Spiritual Care at CAMH
Twice a month, two members of the Bathurst congregation travel to the Centre for Addiction and Mental Health in Toronto’s west end.
They go there to conduct worship services in the CAMH forensic assessment unit. The doors at the unit are locked. The people inside are facing criminal charges and are being evaluated prior to their trial.
This spiritual care initiative is supported by volunteers from Bathurst and other local churches. Judy McCallum has been a key participant since the launching of the project six years ago. She says one goal is to be an ally to those with mental health challenges.
“It is our hope that our presence is a way of bringing love and the Spirit into the lives of some of the most marginalized people in the city, and of letting them know they are not alone.”
McCallum says another aim is to promote openess and conversations about mental health issues within Bathurst and in the wider community. As well, the initiative helps the churches to be welcoming to people with mental health issues who may be looking for a congregation.
The worship services are in the afternoon, on the second and fourth Sundays of each month. Under a partnership with CAMH, the volunteers receive training and an orientation from the Centre's personnel.
Supporting Canada’s Indigenous Peoples
Responding to the Calls to Action from the Truth and Reconciliation Commission
Several members of the Bathurst congregation are part of the United Church’s TRC Witness program. We educate ourselves and take action in areas such as the Doctrine of Discovery, the effects of pipelines and resource extraction, and the ongoing impact of residential schools on the lives and families of Indigenous peoples.
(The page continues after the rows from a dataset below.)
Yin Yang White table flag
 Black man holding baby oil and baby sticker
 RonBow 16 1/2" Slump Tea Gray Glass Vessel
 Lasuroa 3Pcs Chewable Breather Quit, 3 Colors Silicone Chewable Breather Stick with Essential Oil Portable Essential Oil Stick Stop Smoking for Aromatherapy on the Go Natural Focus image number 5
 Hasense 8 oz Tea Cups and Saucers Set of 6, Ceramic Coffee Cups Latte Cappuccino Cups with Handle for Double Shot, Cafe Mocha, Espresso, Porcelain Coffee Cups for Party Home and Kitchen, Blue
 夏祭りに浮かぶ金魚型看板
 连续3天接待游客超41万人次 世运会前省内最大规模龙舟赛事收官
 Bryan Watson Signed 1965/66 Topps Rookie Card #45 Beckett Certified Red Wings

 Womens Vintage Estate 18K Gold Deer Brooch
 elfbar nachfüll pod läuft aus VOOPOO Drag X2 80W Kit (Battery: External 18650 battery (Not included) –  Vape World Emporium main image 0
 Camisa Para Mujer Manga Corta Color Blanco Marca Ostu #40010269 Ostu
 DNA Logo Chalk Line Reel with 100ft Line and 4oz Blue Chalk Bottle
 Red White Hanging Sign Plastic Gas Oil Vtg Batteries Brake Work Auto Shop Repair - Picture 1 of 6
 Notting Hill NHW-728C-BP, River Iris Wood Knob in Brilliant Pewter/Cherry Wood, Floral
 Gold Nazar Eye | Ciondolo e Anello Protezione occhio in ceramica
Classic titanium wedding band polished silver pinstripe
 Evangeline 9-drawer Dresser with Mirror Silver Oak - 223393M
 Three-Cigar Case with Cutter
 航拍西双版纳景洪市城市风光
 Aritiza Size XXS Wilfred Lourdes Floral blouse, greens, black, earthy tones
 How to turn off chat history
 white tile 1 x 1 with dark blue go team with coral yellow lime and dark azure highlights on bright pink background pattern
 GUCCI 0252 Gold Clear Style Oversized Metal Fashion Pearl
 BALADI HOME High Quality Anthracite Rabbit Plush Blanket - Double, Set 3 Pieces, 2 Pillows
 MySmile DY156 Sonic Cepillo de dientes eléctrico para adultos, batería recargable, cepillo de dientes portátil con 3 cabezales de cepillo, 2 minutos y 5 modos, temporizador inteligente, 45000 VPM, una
One important initiative is our Three-Part Territorial Acknowledgment. Each Sunday service opens with an acknowledgment that we worship on lands that are the traditional territory of the Seneca, Petun, and Huron-Wendat peoples, and more recently the Mississaugas of the New Credit First Nation. We briefly highlight a current issue or event and relate it to one of the Calls to Action. The weekly ritual helps keep the TRC and its Calls to Action alive in our hearts and minds.
Middle East Working Group
A joint committee of the Bathurst and Trinity-St. Paul's congregations
The Middle East Working Group focuses on peace and justice in Israel/Palestine. The group informs the congregations about The United Church of Canada General Council initiatives such as the Unsettling Goods campaign and the Let’s Keep Talking and Advent Box programs. The working group also keeps the congregations up to date about recent events on the ground in Palestine.
A principal focus is a joint Holy Land service each January. The 2017 service featured a reflection by Zoë Godfrey-Davies. Zoe participated in the World Council of Churches Ecumenical Accompaniment Program in Israel-Palestine. She spent three months in the Occupied Territories. In 2016, the speaker for the Holy Land service was Robert Massoud, the founder of Zatoun and Beit Zatoun.
The Middle East Working Group also organizes Global Gossips, after-church gatherings that highlight particular issues. An October 2016 meeting focused on “The Wall”. The discussion time was part of the International Week for Peace in Israel/Palestine.